L’arrivée des AOD en prévention
Du côté des traitements préventifs, des évolutions ont eu lieu, suite aux nombreuses études dédiées, dans le cancer pancréatique localement avancé ou métastatique traité en ambulatoire et à bas risque hémorragique. « Les HBPM passent du grade 1B à 1A et les AOD (apixaban et rivaroxaban) font leur entrée avec un niveau de preuve de grade 1B », relève la Pr Frere.
« Dans les myélomes traités par corticothérapie et immunothérapie (ou autre anticancéreux), qui relèvent d'une prophylaxie systématique (1A) vu leur haut risque thrombotique, l'apixaban vient élargir le choix thérapeutique, à savoir l'héparine, les antivitamines-K et l'aspirine (2C) », résume la Pr Frere.

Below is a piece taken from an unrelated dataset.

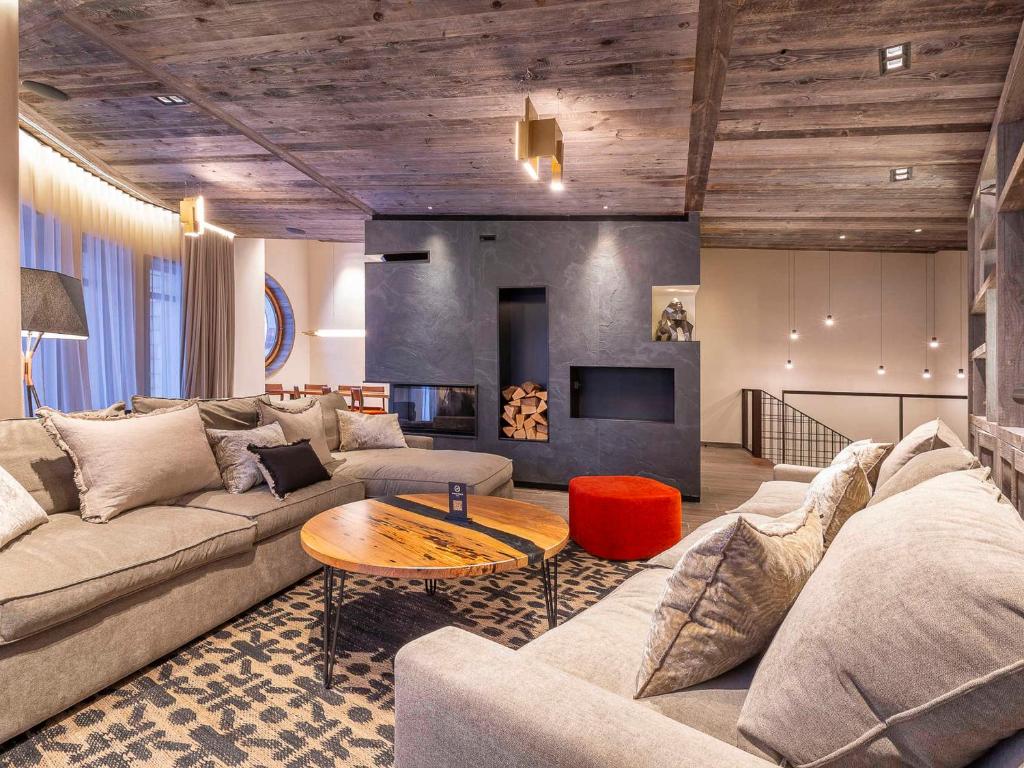 a living room with a couch and a table at Superbe appartement 6 pièces, luxe et confort, piscine et SPA, 10 pers., Morzine - FR-1-314-99 in Avoriaz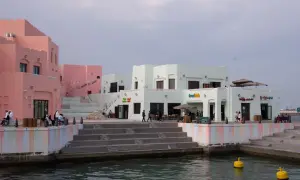 Bunte Gebäude am doha port, mit Menschen, die auf den Stufen sitzen und spazieren gehen.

Une stratégie identique avec ou sans Covid-19
« L'infection par le Sars-CoV-2 majorant le risque thrombotique, nous avons voulu insérer au sein de ces recommandations une nouvelle section : traitement et prévention thromboembolique des patients souffrant de cancer et de Covid-19 », précise la spécialiste. Cependant, les rares données aujourd'hui disponibles, évaluant le risque thrombotique en cas de cancer associé au Covid-19 (versus cancer sans Covid-19), n'ont pas permis de mettre en évidence de nettes différences. « Ainsi, l'ITAC recommande d'appliquer a priori les mêmes stratégies curatives et préventives indépendamment du statut Covid-19, positif ou négatif », constate la Pr Frere.

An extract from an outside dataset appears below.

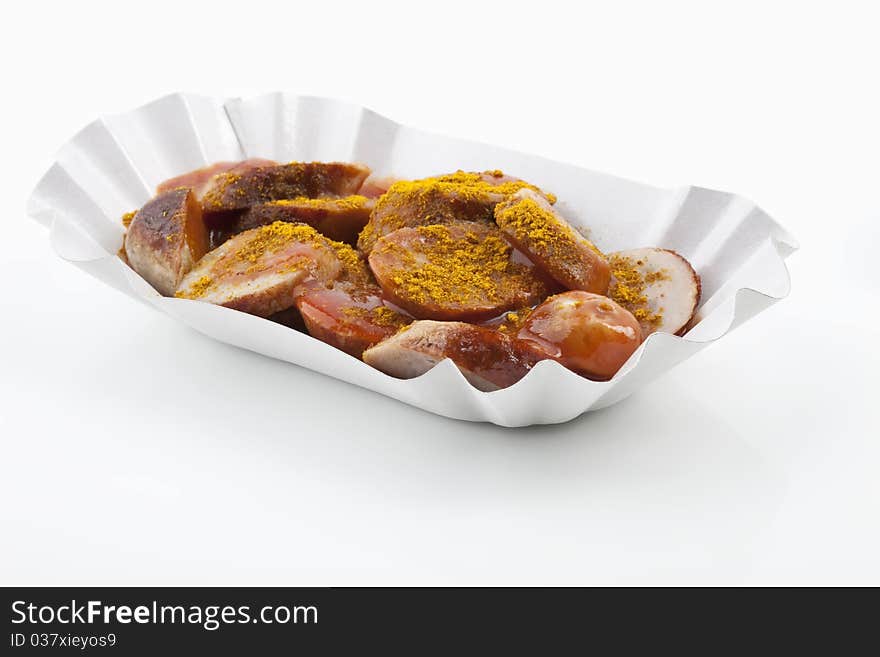 Curried sausages on a paper plate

Trois nouveaux cas spéciaux dédiés à l'oncopédiatrie
Enfin, parmi la liste des situations particulières (tumeurs cérébrales, cancers associés à une thrombocytopénie, une insuffisance rénale, une grossesse ou une obésité), trois nouveaux cas, dédiés à l'oncopédiatrie, sont venus s'ajouter. Il s'agit de deux recommandations de « traitement et prévention » et d’une de bonne pratique. Ainsi, en cas de thromboses symptomatiques de cathéter chez l'enfant, un traitement anticoagulant est désormais formellement recommandé pendant au moins trois mois, et aussi longtemps que le cathéter central reste en place. Lors de la chimiothérapie d'induction pour leucémie lymphoïde aiguë pédiatrique, une thromboprophylaxie systématique doit être instaurée (Grade 2A). Enfin, en cas de recours à un cathéter veineux central chez l'enfant, il est conseillé de privilégier les cathéters à chambre implantable (Porth à Cath) à ceux insérés par voie périphérique.
Recourir aux RCP en cas de doute
« En pratique, n’oublions pas que les AOD ne conviennent pas aux sujets à haut risque de saignement. Lors de cancers digestifs et génito-urinaires, ils sont donc exclus. Enfin, en cas de doute, n'hésitez pas à adresser vos cas en réunion de concertation pluridisciplinaire (RCP). Sur Paris, nous avons deux RCP « thrombose et cancer » : l’une à l'hôpital Saint-Louis, l'autre mutualisée entre les hôpitaux Pitié-Salpêtrière et Saint-Antoine », rappelle la Pr Frere.
(1) Farge D et al . 2022 international clinical practice guidelines for the treatment and prophylaxis of venous thromboembolism in patients with cancer, including patients with COVID-19. Lancet Oncol 2022; 23: e334–47.